個々のパーツ、例えば、それぞれに意匠を凝らした新しいアイデアのフォールデングプロペラには技術的な特許がある。電子系の航海計器にも驚くほど多くのパテントが絡んでいるようだ。
ヨットの外形を見て、このヨットは誰それのデザインではないか、とどこと無く、そのデザイナーの香りが漂うこともあるが、通常全くといって良いほど、ヨットの外見からデザイナーを言い当てることは難しい。 それほど現在のヨットデザインは似通ってきている。
1994年に、Hinckleyがピクニックボート銘打って、36フィートのジェットボートを売り出した時、非常に的を得た発想だと感心したものだ。スポーツフィシャーマンのようなタワーも、フライブリッジもなく、トローラーのように無骨でなく、アメリカの東岸でスキッフと呼ばれている沿海用のロブスター用の漁船を洗練させ、それにジェットドライブをつけだけの簡素な造りだ。コックピットはこの手船にしては異常に広く、そこでゆったりと時間を過ごすように出来ている。
週末を少人数で船を出せるし、スピードが出るので目的地、アンカレジに早く着くし、意外と遠出もきく。一つ一つのアイデアに新しいものは何もないが、明確なコンセプトのもとに、既存のものを注意深く選び統合したのだ。
高い価格にもかかわらず、これが売れた。となると同様のコピーキャットが続々と現れたのだ。まるでそっくりサン大集合よろしく、Belkov 42 Express, Vicem 50, San Juan 48, Daytripper 40, Avalon 38などなど遠目にも近目にも区別し難く、Hinckleyより安く、そして大きのがどっとばかりに市場に出たのだ。
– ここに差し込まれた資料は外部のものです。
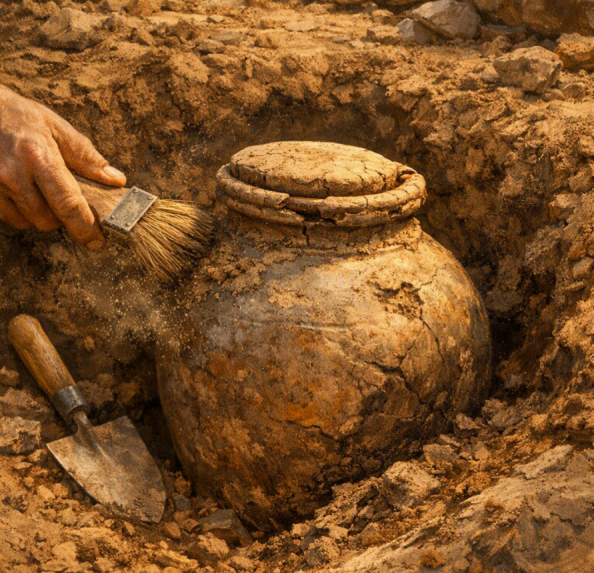 “Evidence” of the KJV’s purity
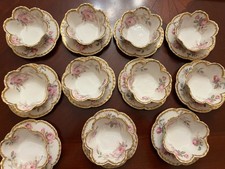 Antique haviland limoges for sale  San Francisco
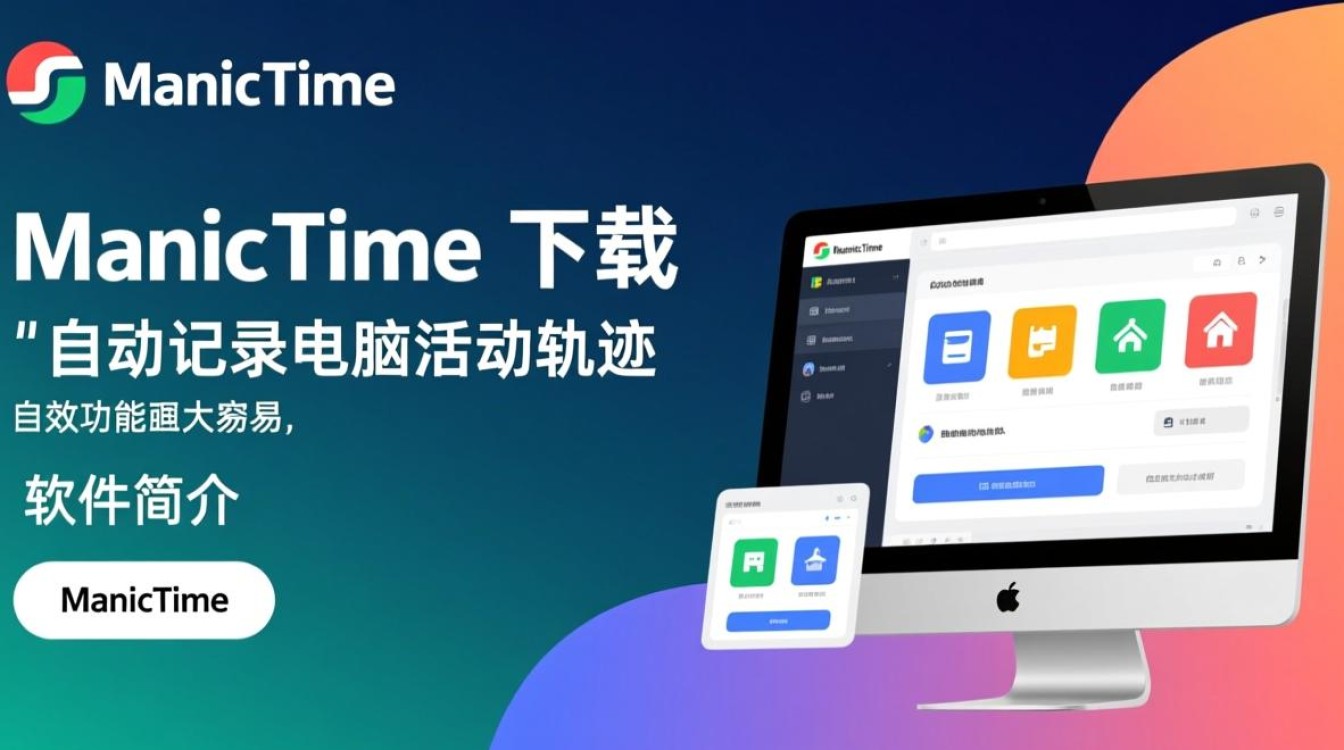 ManicTime电脑版下载安全吗？有没有官方免费下载渠道？-第1张图片-99系统专家
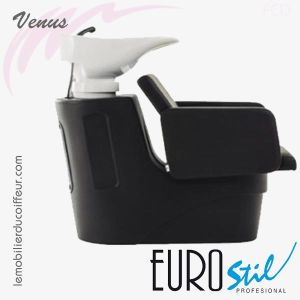 Bac de Lavage | Venus Noir | Eurostil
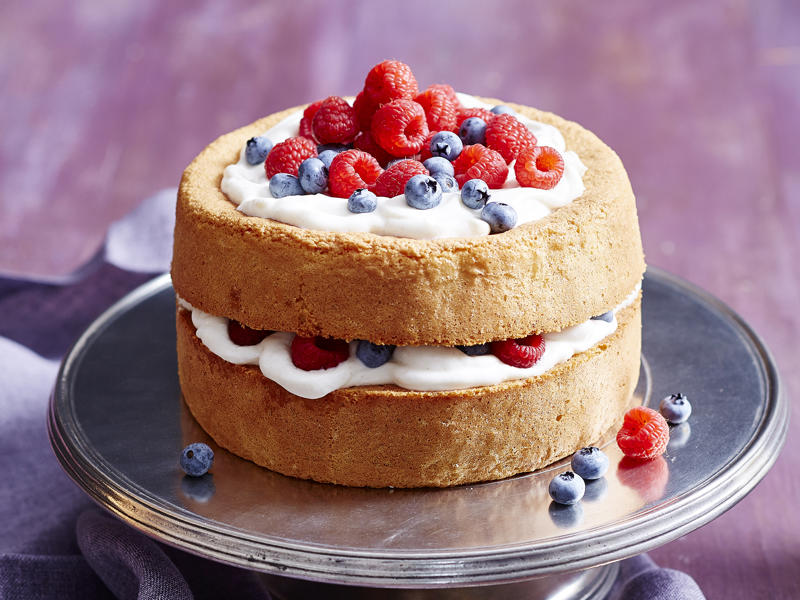Test Kitchen tips for baking gluten free cakes, You’ll need these…, Gluten free cake recipes,          Gluten-free mandarin, polenta and macadamia cake      ,          Julie Goodwin’s gluten free banana cake      ,          Gluten-free chocolate hazelnut cake      ,          Gluten-free chocolate cake      ,          Watermelon cake      ,          Little gluten free chocolate cakes      ,          Pure apple cake with golden syrup custard      ,          Flourless orange &amp; white chocolate cake      ,          Chocolate cake with sour cherry ganache      ,          Cardamom and lemon cake with vanilla labne and lemon syrup      ,          Lemon and zucchini polenta cake      ,          Dark and dreamy chocolate cake      ,          Gluten-free New York cheesecake      ,          Ricotta, polenta and blueberry cake      ,          Gluten-free lamingtons      ,          Flourless chocolate roulade      ,          Flourless chocolate, prune &amp; hazelnut cake      ,          Polenta and ricotta cake with rosemary lemon syrup      ,          Flourless almond, peach and orange blossom loaves      ,          Gluten free rosewater chocolate cake      ,          Raw choc-peanut cake      ,          Lemontons      ,          Spiced apple cupcakes      ,          Earl grey and chocolate cheesecake      ,          Orange buttermilk syrup cake      ,          Sicilian almond, apple and ricotta cake with pecans      ,          Flourless hazelnut chocolate cake      ,          Gluten-free blueberry cake      ,          Gluten-free glace fruit cakes      ,          Gluten-free orange syrup cake      ,          Flourless fig, pecan and maple cake      ,          Upside-down mandarin polenta yoghurt cake      ,          Chocolate orange mousse cake      ,          Plum and lemon polenta cake      , How to make gluten free cupcakes, Savoury gluten free recipes, More gluten-free recipes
法的な予備調査を重ねた上、Hinckleyの社長、Ralfh
Willardは上記の会社すべてを相手とって、意匠盗用で訴えた。争点にしているのは、1.sheer lineのカーブ、2.バウからスターンへのフロントデッキ、トランクキャビン、パイロットハウス、アフターデッキの比率が2:2:3:4、 3.パイロットハウスの後ろの部分がCの形状、両サイドの窓の形など外見上の類似を指摘し、明らかに盗用であるとした。
一方、訴えられた側はいずれも、異口同様に、例えばBelkovはHinckleyがピクニックボートを作る何年も前に同様のボートは存在しており、外観には新しいものは一つも無い。デッキ上の比率に特許も意匠もない。より良いものを安く造るのが健全なありかただ、と述べている。
裁判に持ち込むがナショナルスポーツ化している米国ではあるが、技術的な要素を含めず、外観のデザインが似ているだけで裁判に打って出たHinckleyに老舗のプライドを見るむきも、凋落を見たとするむきもある。